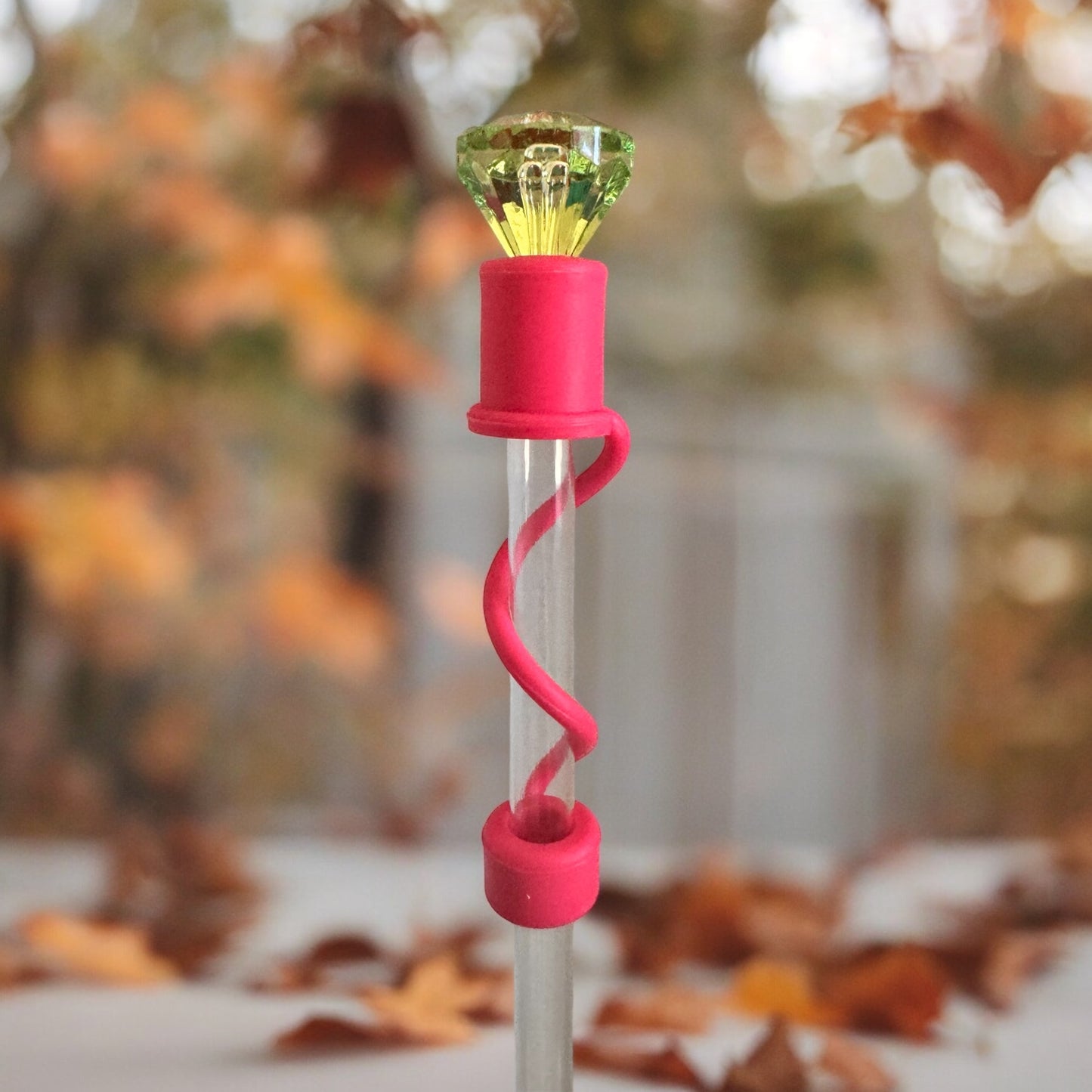 Lime Diamond | Red Silicone | Interchangeable Straw Topper 10mm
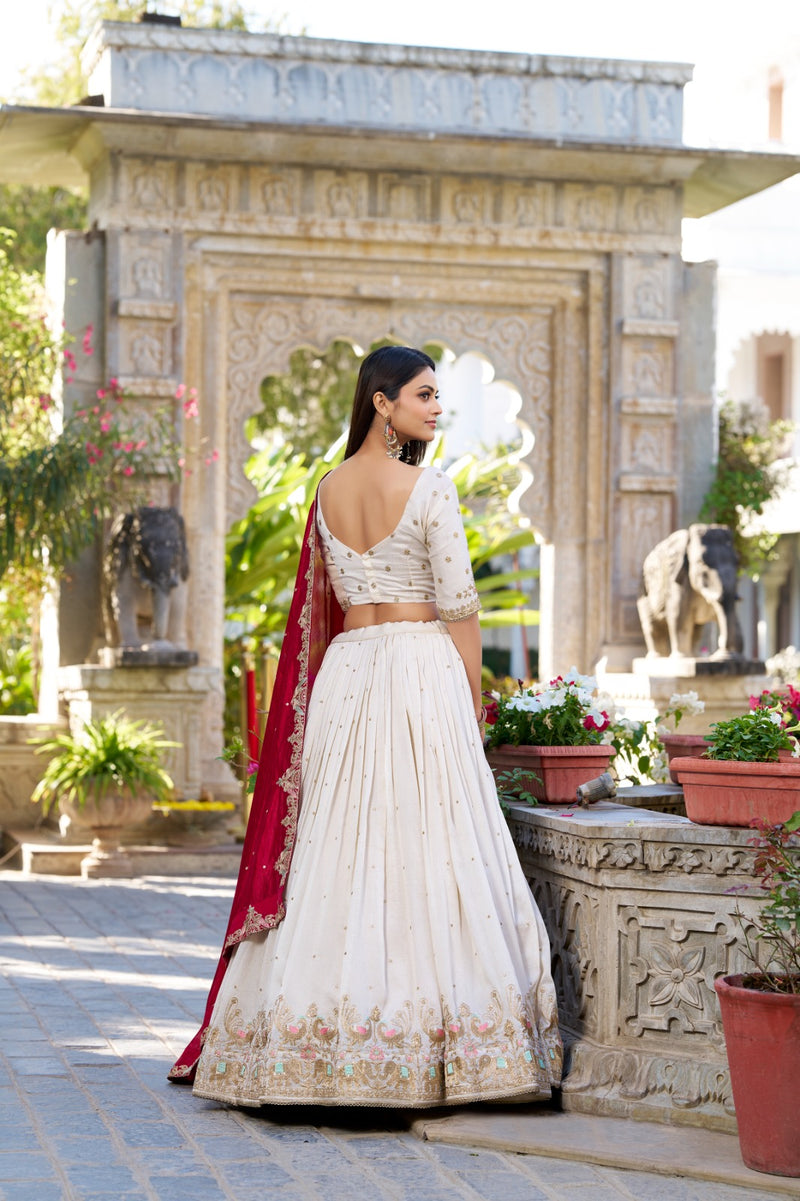Womenline Off-White Color Vichitra Silk Thread Embroidered Lehenga Choli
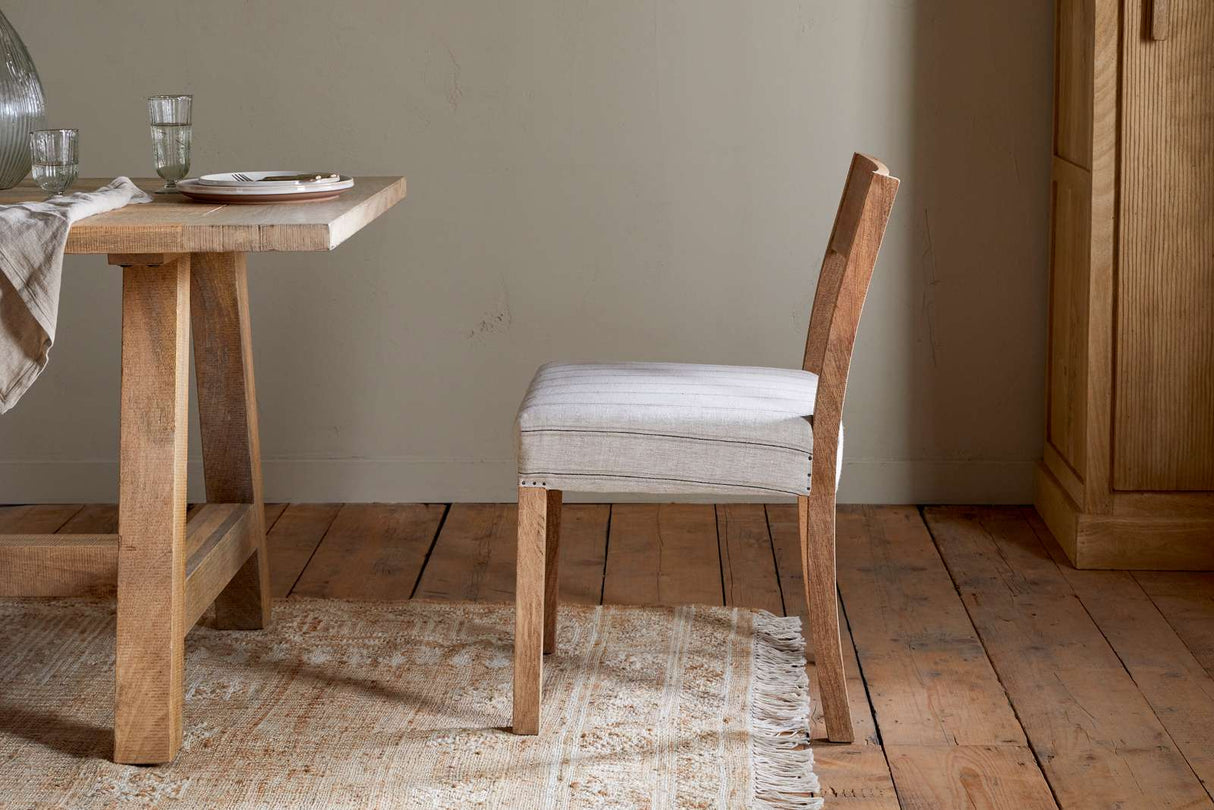 Nkuku Nidhi Linen Upholstered Dining Chair Natural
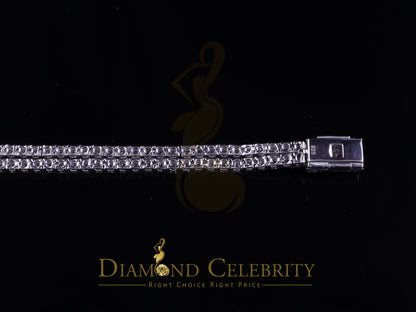 Diamondcelebritees  Tennis Bracelete 4mm Thick 8" Long 15ct Moissanite White 925 Silver Round 2Row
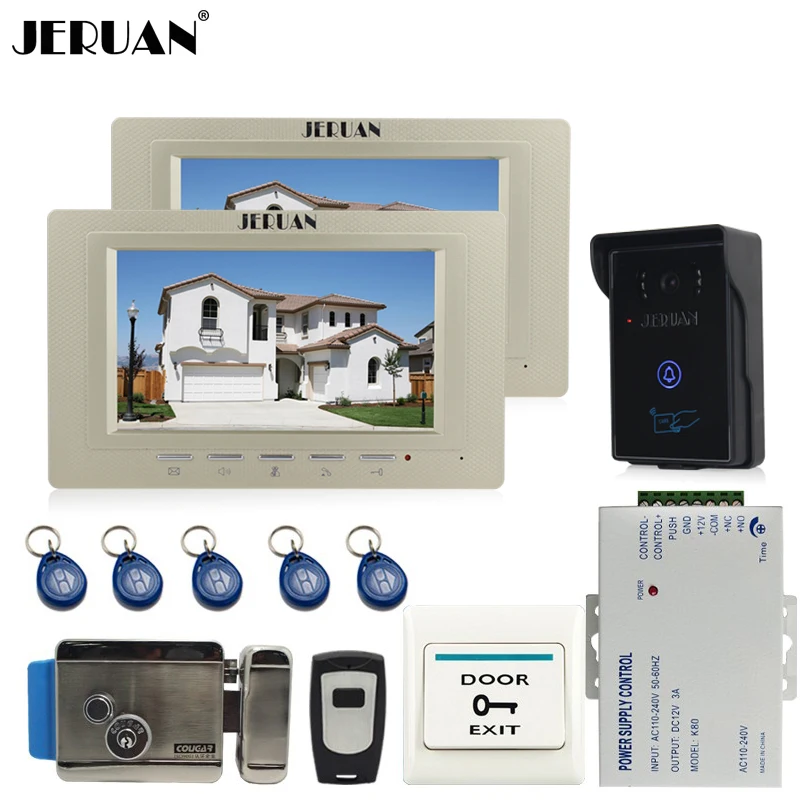 JERUAN 7 дюймов видеодомофон видео домофон Системы 2 монитора + 700TVL RFID Доступа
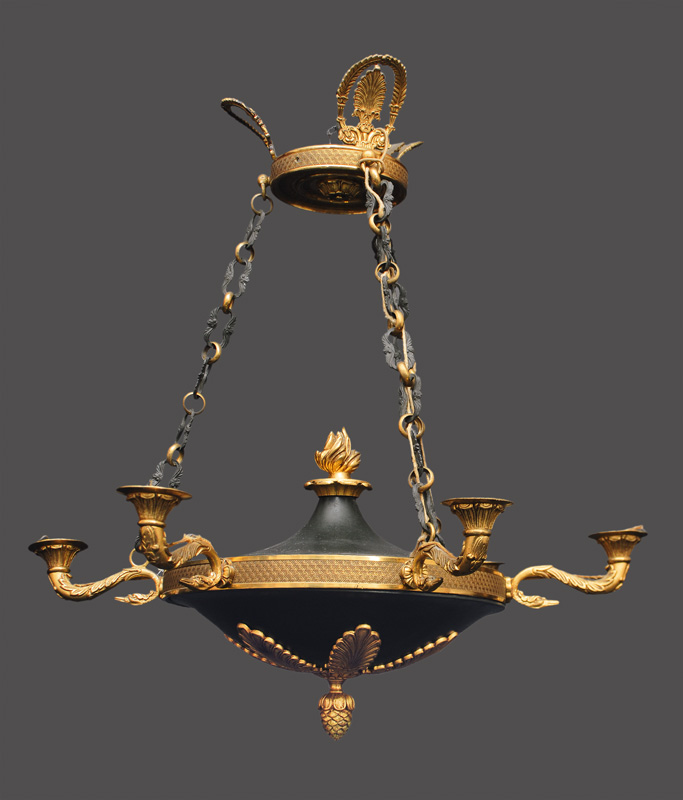 An elegant Empire ceiling light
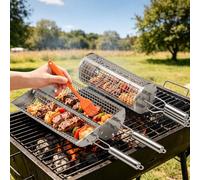 2 x Paniers de Gril en Acier Inoxydable de Rôtisserie, Accessoires de Barbecue avec Ouverture Latérale et Poignée Amovible, BBQ Légumes et les Petits Aliments, Cadeaux de Barbecue pour Hommes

● ● ● ● ●

REQUIRED WORK: An exact reproduction of the data is required, with pictures excluded.

OUTPUT OF THE TASK:
 Lime Diamond | Red Silicone | Interchangeable Straw Topper 10mm
Womenline Off-White Color Vichitra Silk Thread Embroidered Lehenga Choli
 Nkuku Nidhi Linen Upholstered Dining Chair Natural
 Diamondcelebritees  Tennis Bracelete 4mm Thick 8" Long 15ct Moissanite White 925 Silver Round 2Row
 JERUAN 7 дюймов видеодомофон видео домофон Системы 2 монитора + 700TVL RFID Доступа
 An elegant Empire ceiling light
 2 x Paniers de Gril en Acier Inoxydable de Rôtisserie, Accessoires de Barbecue avec Ouverture Latérale et Poignée Amovible, BBQ Légumes et les Petits Aliments, Cadeaux de Barbecue pour Hommes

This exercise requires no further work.